Exercise directions |
Return all the lines below exactly. Any picture among them is omitted.

Information provided |

↓↓↓

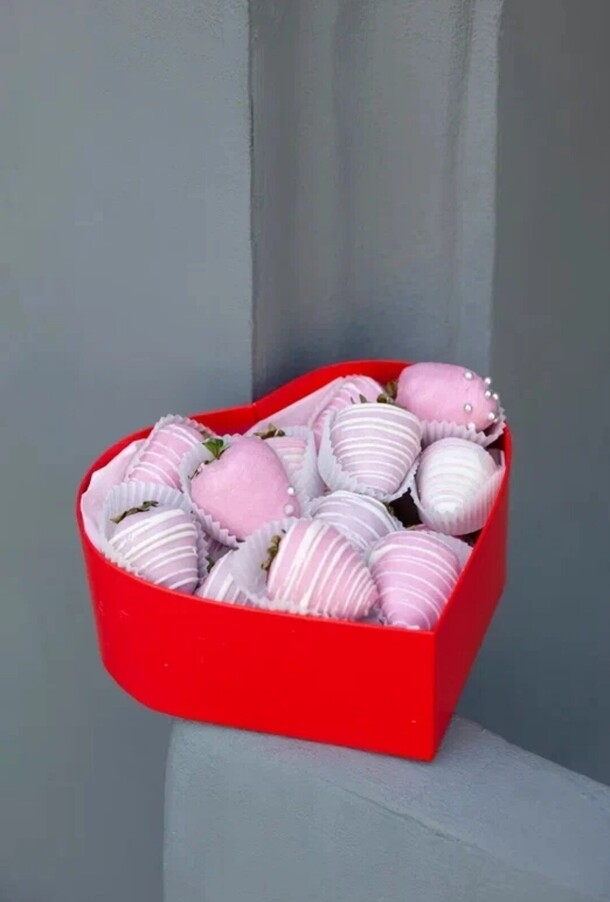 От всего сердца 250, артикул F1379877 - 4575 рублей, доставка по городу. Flawery - доставка цветов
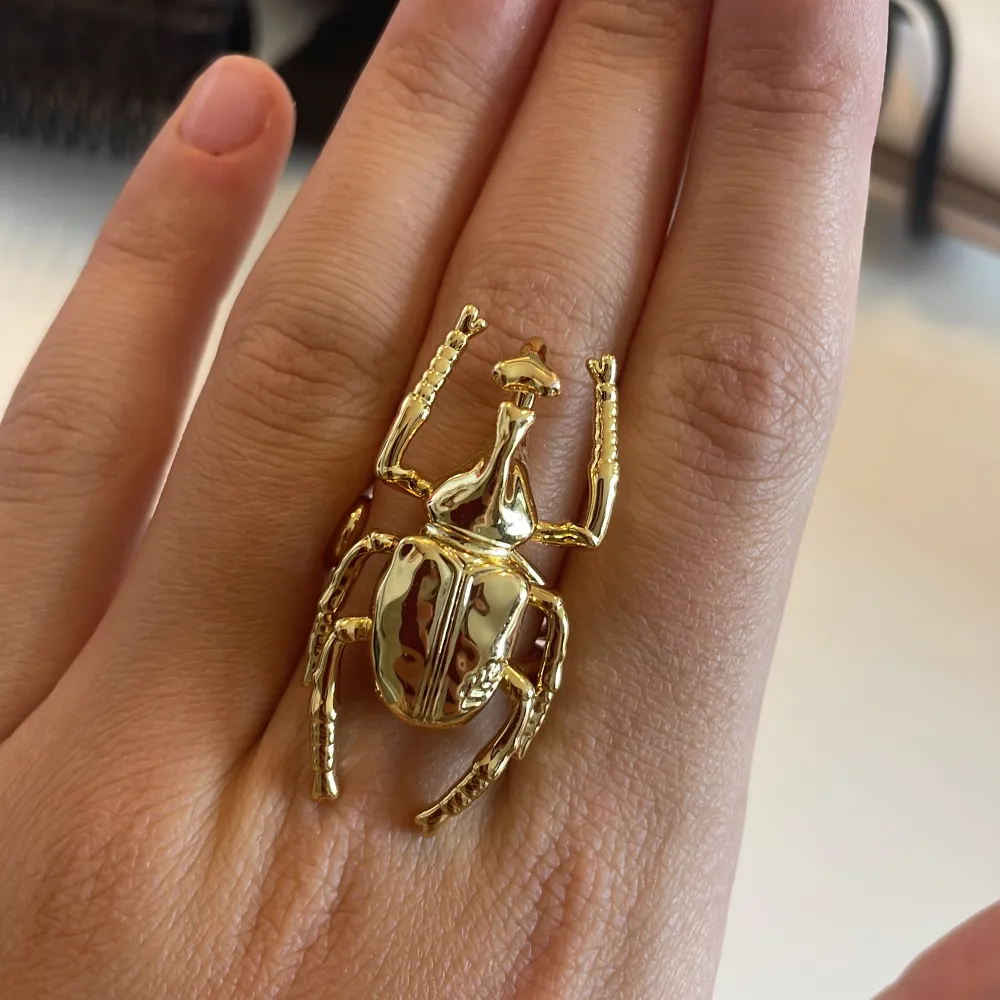 Ring från Ioaku i guld🌟köpte för 700 & säljer för 200kr😃. Accessoarer.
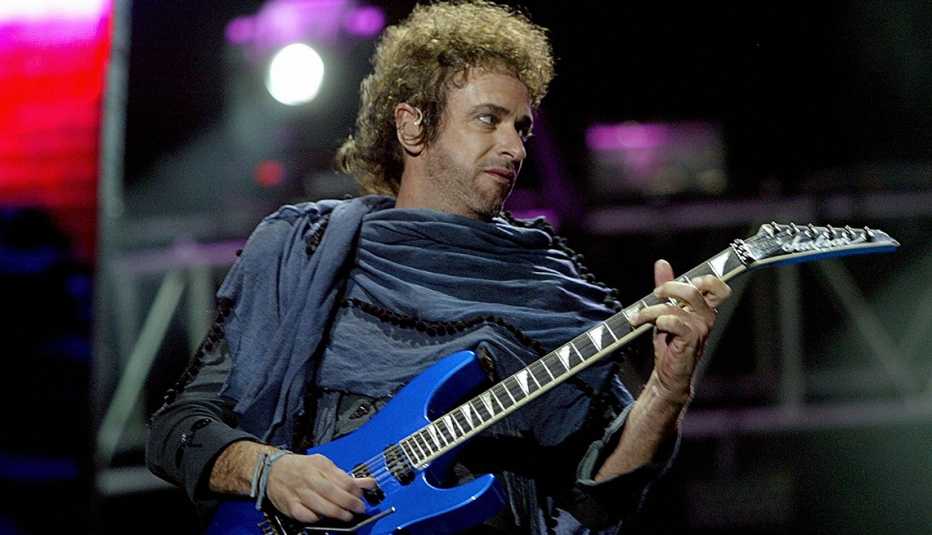 Gustavo Cerati y su legado al rock latinoamericano - Una canción para recordar De música ligera (versión grabada en vivo, 1997)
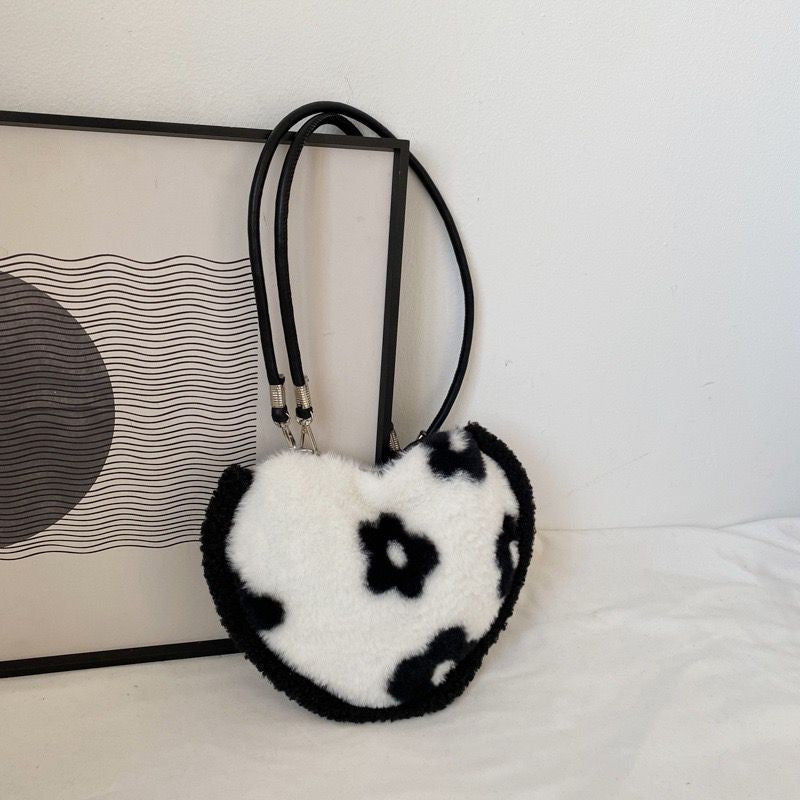 Pekanbaru Tas Love Hitam Putih Bulu Model Catur Zebra Bunga Monokrom Tas Bahu Bulu Lembut Cute Love Woman Bag Fluffy Black White Chess Flower Tas Berkualitas Korean Style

↑↑↑

Exercise response |
 От всего сердца 250, артикул F1379877 - 4575 рублей, доставка по городу. Flawery - доставка цветов
 Ring från Ioaku i guld🌟köpte för 700 & säljer för 200kr😃. Accessoarer.
 Gustavo Cerati y su legado al rock latinoamericano - Una canción para recordar De música ligera (versión grabada en vivo, 1997)
 Pekanbaru Tas Love Hitam Putih Bulu Model Catur Zebra Bunga Monokrom Tas Bahu Bulu Lembut Cute Love Woman Bag Fluffy Black White Chess Flower Tas Berkualitas Korean Style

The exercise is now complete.